Ayrıca tüm haber siteleri, yayınladıkları içerikleri saklamak zorunda olacak. Yasa, hukuka aykırı içeriklerin yok edilmesinin veya keyfi olarak ortadan kaldırılmasının önüne geçmeyi amaçlıyor. Bir içerik için verilen kaldırma kararı, tüm site ve platformlarını kapsayacak. Her site için ayrı ayrı karar çıkartılmasına gerek kalmayacak.
Haber sitelerini desteklemek amacıyla belli kurallar çerçevesinde resmî ilan ve reklamlar, haber sitelerinde yayınlanabilecek. Yeni yasayla beraber; bir haber sitesi künyesiz bir şekilde faaliyet gösteremeyecek. Bir gazete için geçerli kurallar, haber üreten internet siteleri için de geçerli olacak.
Sosyal medya platformlarına BTK'nın (Bilgi Teknolojileri ve İletişim Kurumu) denetlemesi koşulu getiriliyor. Bu denetleme telefonları ve telekomünikasyon ile ilgili diğer denetlemeleri yapan BTK'ya verilen ek bir görev. Amaç iletişimin içeriğinin denetlenmesi değil. Görev kapsamı; platformların kaç kullanıcısının olduğu, iletişim trafiklerinin ne kadar olduğu ve bu konuyla ilgili bilgileri Türkiye'de tutma zorunluluğu gibi konuları içeriyor. Ayrıca bazı ağ şirketlerinin temsilcilerinin Türk vatandaşı olmamaları ve Türkiye'de ikamet etmemeleri nedeniyle hukuki olarak muhatap bulamama sorununun önüne geçiliyor.
Yeni yasayla beraber sosyal ağlara Türkiye Ofisi açma ve Türkiye temsilcisi bulundurma zorunluluğu getirilecek.

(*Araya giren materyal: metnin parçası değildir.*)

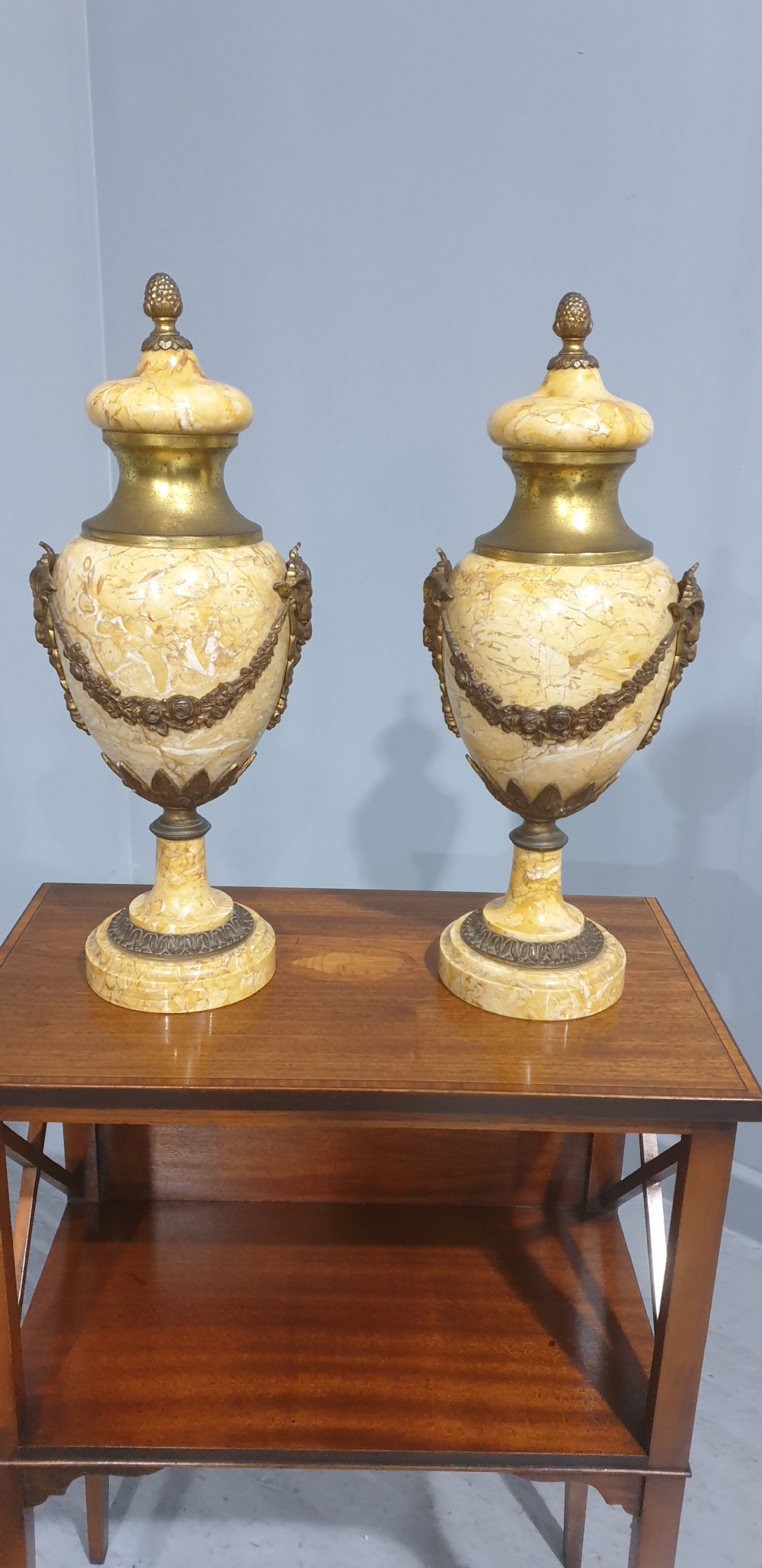 A pair of yellow veined marble cassolette urns with gilt bronze floral swags and pineapple finials.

Temsilcinin gerçek kişi olması halinde bu kişinin Türkiye'de ikamet etmesi ve Türk vatandaşı olması gerekecek.
Sonuç olarak; sosyal medya platformlarının ve sosyal medya kullanıcılarının sorumluluk bilinciyle hareket etmelerinin altını çizen bu yasal düzenlemeyi gerekli ve faydalı buluyorum. Çünkü dezenformasyon yoluyla, bir gün hepimizin kişilik hakları saldırıya uğrayabilir. Ancak başta da belirttiğim gibi, söz konusu yasanın uygulanmasında, son derece hassas davranılmalı.
Çünkü ayarı bozulan kantar, bir gün o ayarı bozanları da tartar.